1

I have a complex identifier field that contains letters, numbers, white space, and special characters. I have been using the Keyword analyzer on this field, but having problems filtering results. Here is an example piece of data the field would contain:

O-2011-006953 /4

With the Keyword analyzer in place I'm able to do a contains filter on the index field using numbers, but not letters. The following filter works:

search.ismatch('/.*2011.*/', 'complex_identifier_field', 'full', 'all')

But if I try to do a contains search with a letter, I get 0 results:

search.ismatch('/.*O.*/', 'complex_identifier_field', 'full', 'all')

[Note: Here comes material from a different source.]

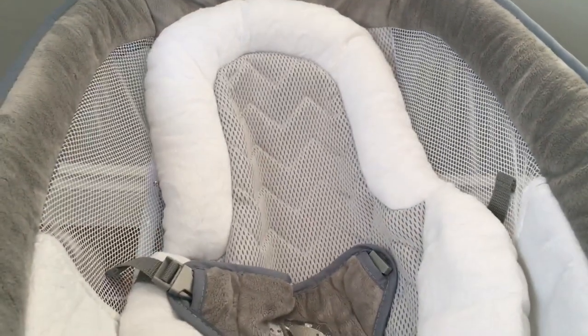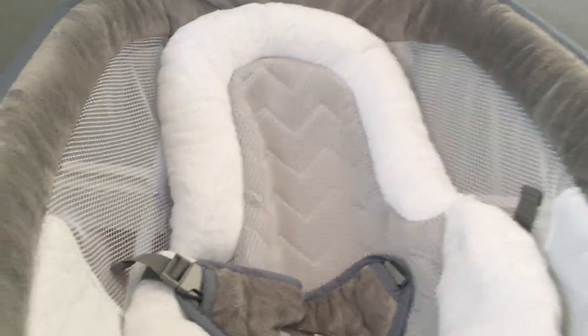Also new to me is the Dream Comfort mesh, which is on the back of the support piece and on the sides. The Dream Comfort mesh is supposed to keep baby nice and cool and is very breathable — I can attest to that. You can definitely feel the airflow in there, which gives you great peace of mind.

I believe my problem is I need another or custom analyzer, and I have recently tried to use the NGram analyzers, and tried to write a custom analyzer using the keyword tokenizer, but still unable to do a contains search on the field. How can I create a field that is one token; accepts alphanumeric characters, white space, and special characters; and allows me to do a contains filter to find any part of the identifier field?

UPDATE

Here is the definition of the field:

new Field("accession_number", DataType.String){ IsSearchable= true, IsFilterable = true, Analyzer = AnalyzerName.Keyword },

And here is the exact search I'm using:

var result = indexClient.Documents.Search(query, searchParameters: parameters);

where query = "print" and parameters =

{
Facets = null,
Filter = search.ismatch('/.*O.*/', 'accession_number', 'full', 'all'),
HighlightFields = null,
HighlightPostTag = null,
HighlightPreTag = null,
IncludeTotalResultsCount = true,
MinimumCoverage = null,
OrderBy = null,
QueryType = Full,
ScoringParameters = null,
ScoringProfile = null,
SearchFields = null,
SearchMode = All,
Select = (9 fields),
Skip = 0,
Top = 50
}
Ryan
  • 45
  • 5
  • Thanks for updating with extra details. I don't see anything wrong. To look further into this, it would help to see: 1) the JSON for the index definition (you can get this from the Azure Portal, go to the index and there's a tab for JSON), 2) the JSON for the document that should match but doesn't (you can use the query explorer in the Portal for this), and 3) the query that's failing, done directly in the Portal query explorer instead of through the API. Trying to remove layers while troubleshooting. – Pablo Castro Jun 25 '21 at 16:52

1 Answers1

0

In your example, the value O-2011-006953 /4 doesn't match the regex /.O./, because the regex requires a character before the "O" ("." means "exactly 1 character in that position"). If you want to match a substring anywhere within a token, you can use /.*O.*/ where "O" is the substring, "." means "any character", and "*" means "zero or more of the previous element, in this case the ".".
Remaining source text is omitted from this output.